After this the country was kept in great order: some castles in the Highlands had garrisons put in them, that were so careful in their discipline, and so exact to their rules, that in no time the Highlands were kept in better order than during the usurpation. There was a considerable force of about 7 or 8000 men kept in Scotland: these were paid exactly, and strictly disciplined. The pay of the army brought so much money into the kingdom, that it continued all that while in a very flourishing state. Cromwell built three citadels at Leith, Ayr, and Inverness, besides many little forts. There was good justice done, and vice was suppressed and punished; so that we always reckon those eight years of usurpation a time of great peace and prosperity. There was also a sort of union of the three kingdoms in one parliament, where Scotland had its representative. The marquis of Argyle went up one of our commissioners.

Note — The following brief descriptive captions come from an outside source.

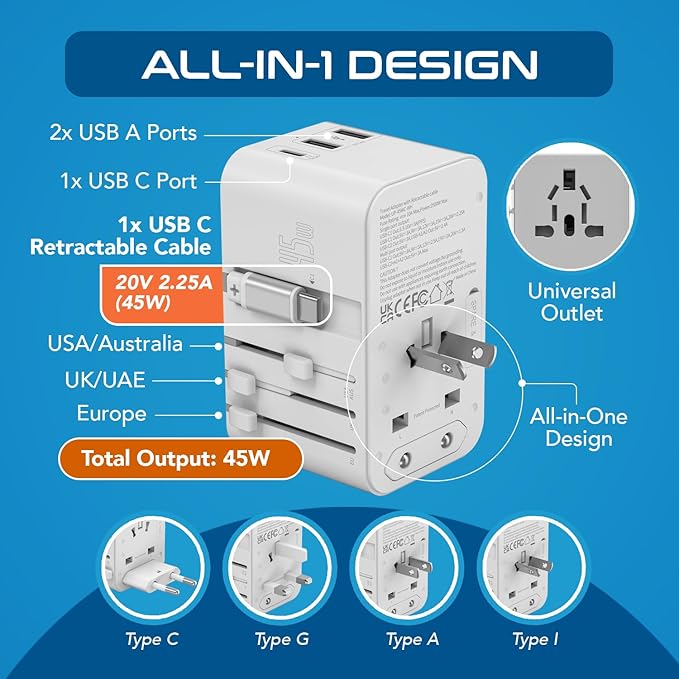 Ceptics 5 in 1 International Travel Adapter with PD 45W Retractable USB-C Cable 65cm, 2X USB-A 2.4A, 1x USB-C 3A, Travel Adapter Worldwide for Laptop, Phones and Cameras for US, EU, UK, UP-45WC-WH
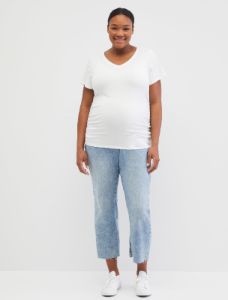 Plus Size V-Neck Side Ruched Maternity Tee sold by Motherhood Maternity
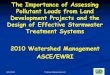 Design of Effective Stormwater Treatment Systems for Water Quality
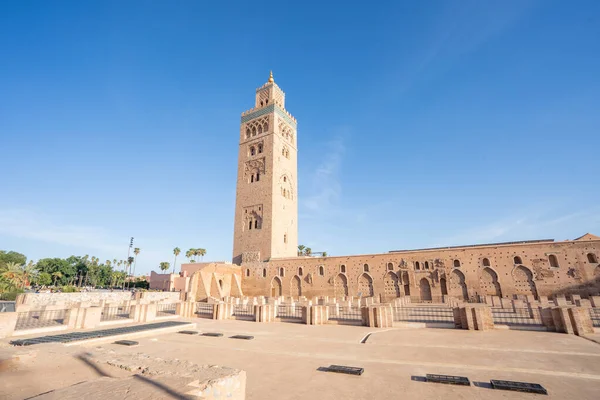 Mosquée Koutoubia Marrakech Maroc Par Une Journée Ensoleillée Photo Haute — Photo
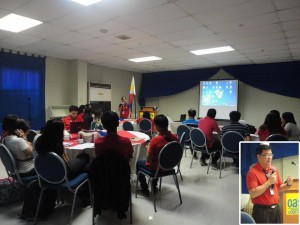 (Above Photo) NHTU Head Ms. Glynnis Casuga asks the participants on her welcome remarks to be more committed and devoted at work in order to help the locality. (Right Photo) DSWD-FO1 Regional Director Marcelo Nicomedes Castillo drops by to thank the ACs for their unending support in the last enumeration and still willing to work as AS for the Validation Phase. 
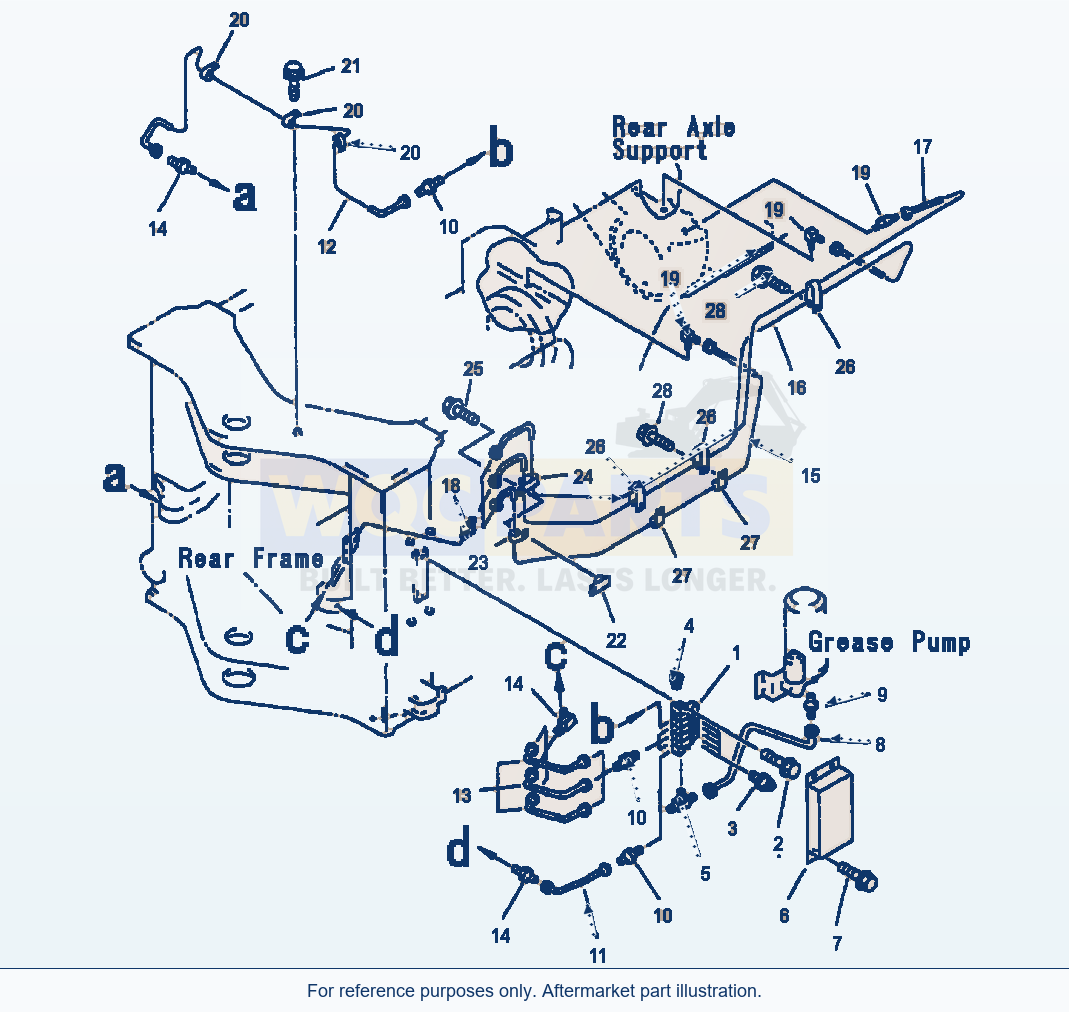 Komatsu WA320-3L Grease System - Auto - Rear Frame Line parts diagram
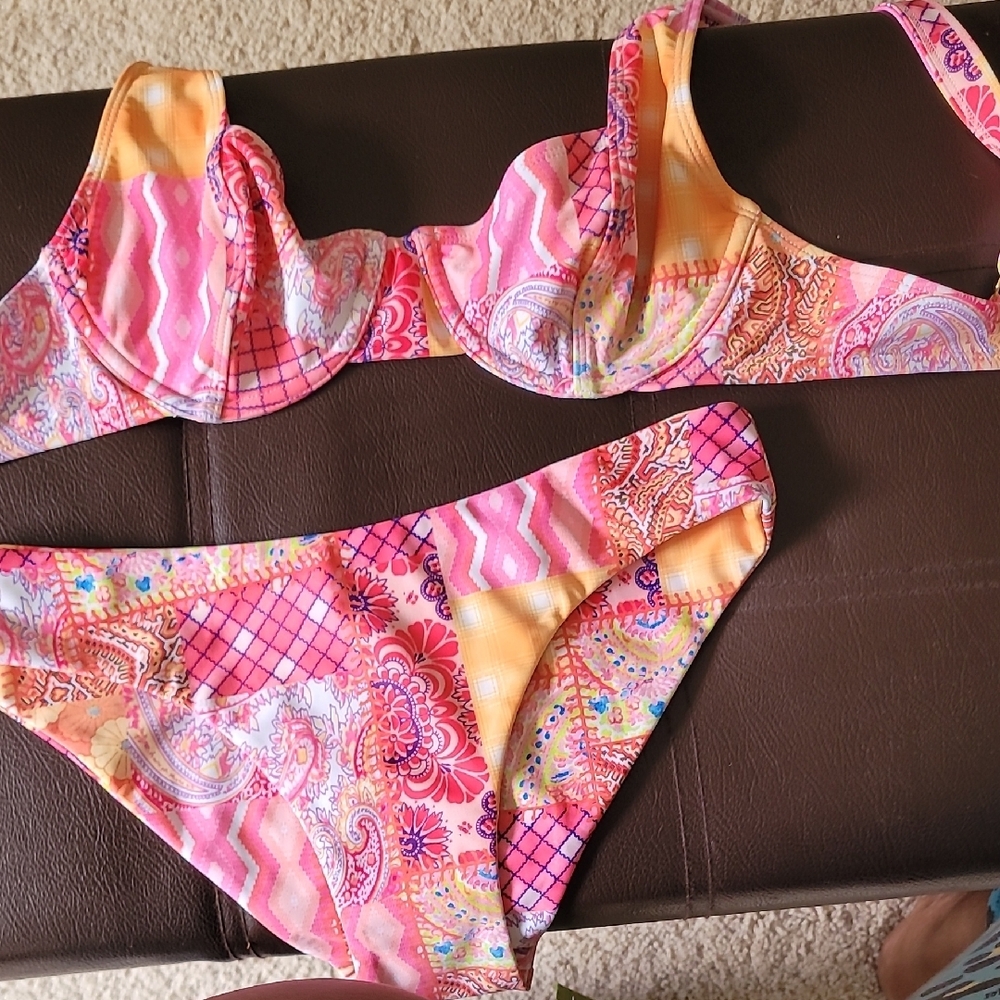 Patchwork Pink Bikini Set - image 5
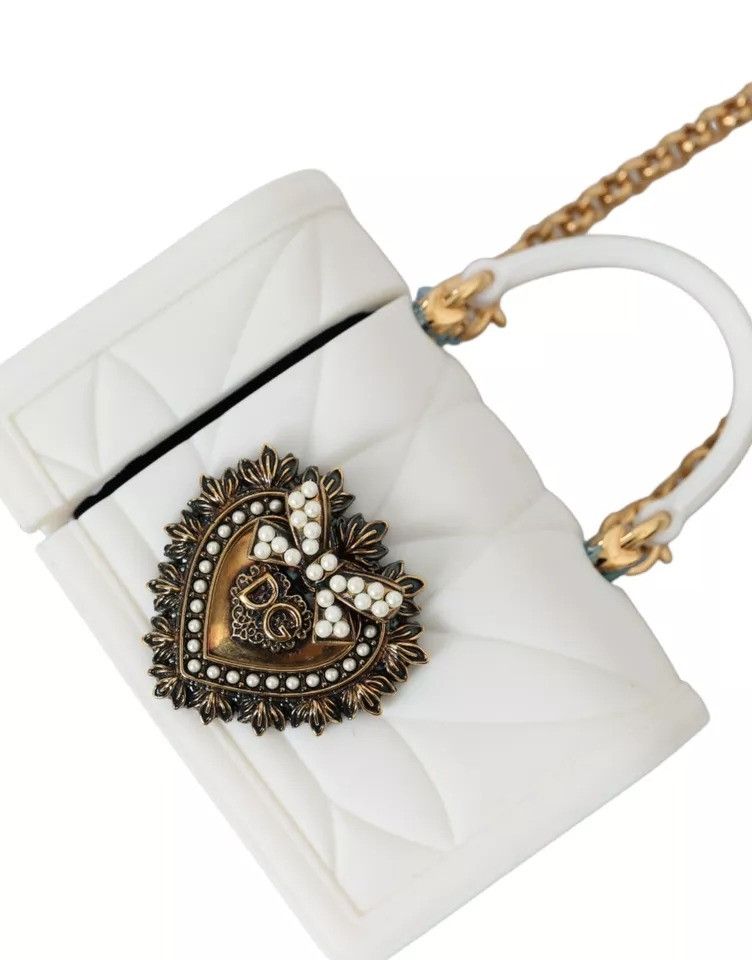 Dolce & Gabbana White Silicone Devotion Heart Bag Gold Chain Hand Airpods Size ONE SIZE - 4 Thumbnail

The next scene I must open relates to the church, and the heats raised in it by the public resolutions, and the protestation made against them. New occasions of dispute arose. A general assembly was in course to meet; and sat at St. Andrews: so the commission of the kirk wrote a circular letter to all the presbyteries, setting forth all the grounds of their resolutions, and complaining of those who had protested against them; upon which they desired that they would choose none of those who adhered to the protestation to represent them in the next assembly. This was only an advice, and had been frequently practised in the former years but now it was highly complained of, as a limitation on the freedom of elections, which inferred a nullity on all their proceedings: so the protestors renewed their protestation against the meeting upon a higher point, disowning that authority which hitherto they had magnified as the highest tribunal in the church, in which they thought Christ was in his throne. Upon this a great debate followed, and many books were written in a course of several years. The public men said, this was the destroying of presbytery, if the lesser number did not submit to the greater: it was a sort of prelacy, if it was pretended that votes ought rather to be weighed than counted: parity was the essence of their constitution: and in this all people saw they had clearly the better of the argument. The protestors urged for themselves, that, since all protestants rejected the pretence of infallibility, the major part of the church might fall into errors, in which case the lesser number could not be bound to submit to them: they complained of the many corrupt clergymen who were yet among them, who were leavened with the old leaven, and did on all occasions show what was still at heart notwithstanding all their outward compliance: (for the episcopal clergy that had gone into the covenant and presbytery to hold their livings, struck in with great heat to inflame the controversy and it appeared very visibly that presbytery, if not held in order by the civil power, could not be long kept in quiet:) if in the Supreme Court of Judicature the majority did not conclude the matter, it was not possible to keep up their beloved parity: it was confessed that in doctrinal points the lesser number was not bound to submit to the greater ; but in the matters of mere government it was impossible to maintain the presbyterian form on any other bottom.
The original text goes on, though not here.